▸ **YOUR ASSIGNMENT**:
What is needed is an exact copy of the line where "Skull Death Knight" appears plus every later line in the material.

▸ **TASK DATA**:

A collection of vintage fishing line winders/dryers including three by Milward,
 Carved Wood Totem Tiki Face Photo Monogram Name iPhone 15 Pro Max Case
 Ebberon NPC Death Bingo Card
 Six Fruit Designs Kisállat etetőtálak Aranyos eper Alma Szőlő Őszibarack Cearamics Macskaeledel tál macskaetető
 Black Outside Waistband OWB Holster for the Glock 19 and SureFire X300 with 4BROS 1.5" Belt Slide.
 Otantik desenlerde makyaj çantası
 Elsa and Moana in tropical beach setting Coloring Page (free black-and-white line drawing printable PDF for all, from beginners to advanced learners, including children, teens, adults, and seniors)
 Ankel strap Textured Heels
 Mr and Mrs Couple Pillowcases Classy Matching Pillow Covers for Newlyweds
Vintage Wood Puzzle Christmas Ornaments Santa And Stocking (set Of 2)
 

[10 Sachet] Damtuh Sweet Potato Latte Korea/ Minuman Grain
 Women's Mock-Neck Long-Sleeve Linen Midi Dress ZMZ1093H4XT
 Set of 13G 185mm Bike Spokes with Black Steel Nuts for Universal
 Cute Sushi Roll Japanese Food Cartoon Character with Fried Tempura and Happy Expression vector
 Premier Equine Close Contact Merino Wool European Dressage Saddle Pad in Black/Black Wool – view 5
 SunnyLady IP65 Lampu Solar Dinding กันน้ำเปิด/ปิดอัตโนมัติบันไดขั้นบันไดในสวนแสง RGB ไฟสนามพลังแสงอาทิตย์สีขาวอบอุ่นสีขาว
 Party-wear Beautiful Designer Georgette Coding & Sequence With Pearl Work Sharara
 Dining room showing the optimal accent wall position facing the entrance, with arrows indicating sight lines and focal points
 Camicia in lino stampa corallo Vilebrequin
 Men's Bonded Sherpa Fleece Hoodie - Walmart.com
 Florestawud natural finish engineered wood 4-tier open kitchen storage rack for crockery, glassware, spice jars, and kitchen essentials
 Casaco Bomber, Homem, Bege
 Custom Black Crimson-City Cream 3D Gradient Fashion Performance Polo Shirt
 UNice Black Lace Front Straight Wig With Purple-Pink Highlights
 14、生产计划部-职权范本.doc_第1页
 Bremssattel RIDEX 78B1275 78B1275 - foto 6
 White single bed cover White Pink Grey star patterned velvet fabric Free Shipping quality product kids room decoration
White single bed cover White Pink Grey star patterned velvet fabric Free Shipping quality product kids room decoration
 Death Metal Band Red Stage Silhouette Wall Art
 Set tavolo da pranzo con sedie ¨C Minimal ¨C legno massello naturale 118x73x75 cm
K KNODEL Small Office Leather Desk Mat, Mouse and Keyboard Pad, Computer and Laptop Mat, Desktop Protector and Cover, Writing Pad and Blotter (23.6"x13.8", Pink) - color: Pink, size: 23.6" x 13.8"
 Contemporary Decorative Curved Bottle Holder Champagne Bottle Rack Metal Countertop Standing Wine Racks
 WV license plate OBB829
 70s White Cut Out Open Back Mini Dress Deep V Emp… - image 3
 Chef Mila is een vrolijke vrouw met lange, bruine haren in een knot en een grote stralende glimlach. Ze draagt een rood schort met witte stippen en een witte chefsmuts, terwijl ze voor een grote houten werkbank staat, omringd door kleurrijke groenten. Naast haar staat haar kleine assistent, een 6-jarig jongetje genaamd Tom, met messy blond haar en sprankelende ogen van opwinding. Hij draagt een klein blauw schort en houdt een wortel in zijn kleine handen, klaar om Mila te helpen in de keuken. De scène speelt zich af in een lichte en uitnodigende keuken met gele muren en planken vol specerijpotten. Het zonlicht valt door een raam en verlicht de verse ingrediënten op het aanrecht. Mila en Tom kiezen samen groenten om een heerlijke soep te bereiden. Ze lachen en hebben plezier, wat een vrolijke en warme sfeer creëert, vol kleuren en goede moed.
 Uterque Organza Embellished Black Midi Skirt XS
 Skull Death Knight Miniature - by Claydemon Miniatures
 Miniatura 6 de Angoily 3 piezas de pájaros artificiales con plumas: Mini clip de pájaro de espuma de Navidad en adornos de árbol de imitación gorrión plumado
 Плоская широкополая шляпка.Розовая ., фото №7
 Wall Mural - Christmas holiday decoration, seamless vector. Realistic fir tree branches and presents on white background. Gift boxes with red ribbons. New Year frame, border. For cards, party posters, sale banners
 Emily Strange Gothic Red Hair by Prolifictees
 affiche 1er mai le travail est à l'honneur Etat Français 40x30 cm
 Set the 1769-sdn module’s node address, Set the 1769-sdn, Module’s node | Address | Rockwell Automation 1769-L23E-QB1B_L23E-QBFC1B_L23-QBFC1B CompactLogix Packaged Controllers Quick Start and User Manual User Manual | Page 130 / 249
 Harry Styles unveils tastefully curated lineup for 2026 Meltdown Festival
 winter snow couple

▸ **EXPECTED ANSWER**:
 Skull Death Knight Miniature - by Claydemon Miniatures
 Miniatura 6 de Angoily 3 piezas de pájaros artificiales con plumas: Mini clip de pájaro de espuma de Navidad en adornos de árbol de imitación gorrión plumado
 Плоская широкополая шляпка.Розовая ., фото №7
 Wall Mural - Christmas holiday decoration, seamless vector. Realistic fir tree branches and presents on white background. Gift boxes with red ribbons. New Year frame, border. For cards, party posters, sale banners
 Emily Strange Gothic Red Hair by Prolifictees
 affiche 1er mai le travail est à l'honneur Etat Français 40x30 cm
 Set the 1769-sdn module’s node address, Set the 1769-sdn, Module’s node | Address | Rockwell Automation 1769-L23E-QB1B_L23E-QBFC1B_L23-QBFC1B CompactLogix Packaged Controllers Quick Start and User Manual User Manual | Page 130 / 249
 Harry Styles unveils tastefully curated lineup for 2026 Meltdown Festival
 winter snow couple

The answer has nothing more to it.